Ферментативный анализ субстратов представляет собой метод с использованием в качестве реактивов ферментов, которые способ­ны в определенных условиях преобразовывать отдельные веще­ства (субстраты) с высокой специфичностью в продукты реакции. Субстраты, с которыми взаимодействуют ферменты, относятся к соединениям природного происхождения (например, сахара, орга­нические кислоты и их соли, спирты и др.), участвующим в про­цессах метаболизма живой клетки. Таким образом, методологи­ческую основу ферментативного анализа составляют природные биохимические механизмы процесса обмена веществ, отдельные реакции которого воспроизводятся с большой точностью в искус­ственных условиях с целью количественного определения суб­стратов в монопродуктах или продуктах со сложным составом. Для проявления высокоспецифичных свойств ферментов и полу­чения достоверного результата условия воспроизведения реакции максимально приближены к физиологическим условиям, сущест­вующим в живой клетке. В ходе ферментативной реакции должно быть достигнуто полное количественное преобразование исследу­емого субстрата.

Специфичность, т. е. избирательность действия ферментов, обеспечивает достоверность результата ферментативной реакции, протекающей в искусственных условиях, поскольку он не зави­сит от влияния соединений, которые имеют сходное с анализиру­емым компонентом строение и входят с ним в матрицу исследуе­мой пробы.

Ход ферментативной реакции и ее ответ на внесение в систему субстрата контролируют с помощью физических методов путем измерения изменений качественного и количественного состава вспомогательных соединений или процессов.

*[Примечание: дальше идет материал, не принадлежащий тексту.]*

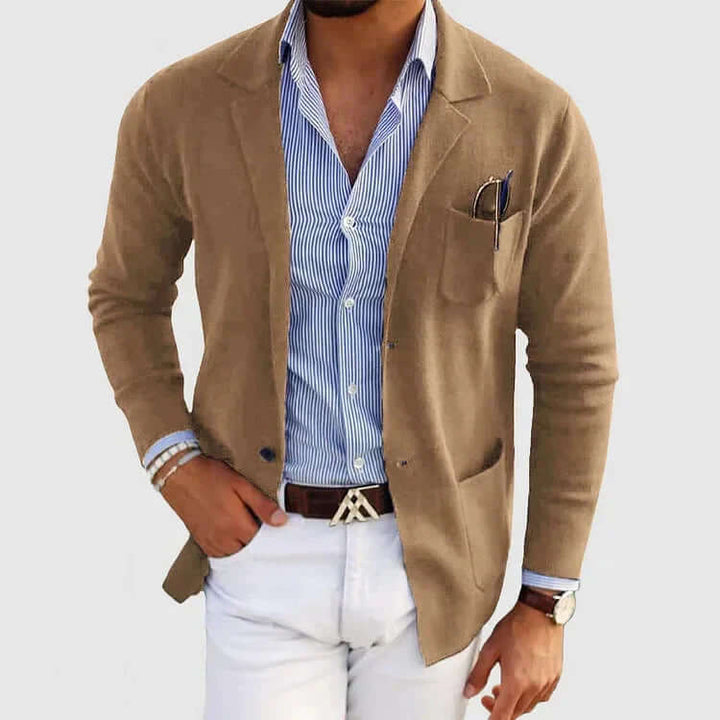 Herrenblazer mit Reverskragen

В дегидрогеназных ферментных системах в качестве вспомо­гательных соединений используют окисленные или восстанов­ленные формы коферментов NAD⁺/NADH, NADP⁺/NADPH. Эти коферменты участвуют в системе в качестве переносчиков во­дорода.

Количество окисленных коферментов NADH или NADPH стехиометрически соотносится с количеством анализируемого соеди­нения (рис. 11.1).

Изменение формы коферментов контролируют спектрофотометрическим измерением оптической плотности — экстинкции — системы при 334, 340 или 365 нм. В интервале длин волн от 334 до 365 нм (оптимум 340) восстановленная форма NADH или NADPH проявляет максимальное поглощение (рис. 11.2).

Конечный результат фер­ментативной реакции рассчи­тывают на основании закона Ламберта— Бера из полученных значений оптической плотно­сти восстановленной дегидрогеназной ферментной системы в начале и конце реакции.

В отдельных системах, например в определении сульфита, в ка­честве первичного фермента наряду с дегидрогеназами использу­ют оксидазы. В ходе окислительной реакции происходит перенос водорода от субстрата к кислороду с образованием пероксида во­дорода. Последний может быть преобразован двумя различными способами с помощью фермента пероксидазы или с помощью фермента NADH-пероксидазы и NADH.

В комбинированных ферментных системах (КФС) определение субстратов также основано на использовании специфичного дей­ствия ферментов. Однако результат определения рассчитывают, исходя из интенсивности окрашивания системы, измерение кото­рой проводят фотометрическим способом в видимой области спектра. В качестве вспомогательных соединений в КФС участву­ют акцепторы электронов.

В ферментной системе в качестве суммарного определения пищевых волокон проводят предварительный гидролиз пробы с помощью гидролаз — а-амилазы, протеазы, глюкоамилазы. Про­дукты реакции после промежуточных стадий очистки и концен­трирования определяют гравиметрическим способом.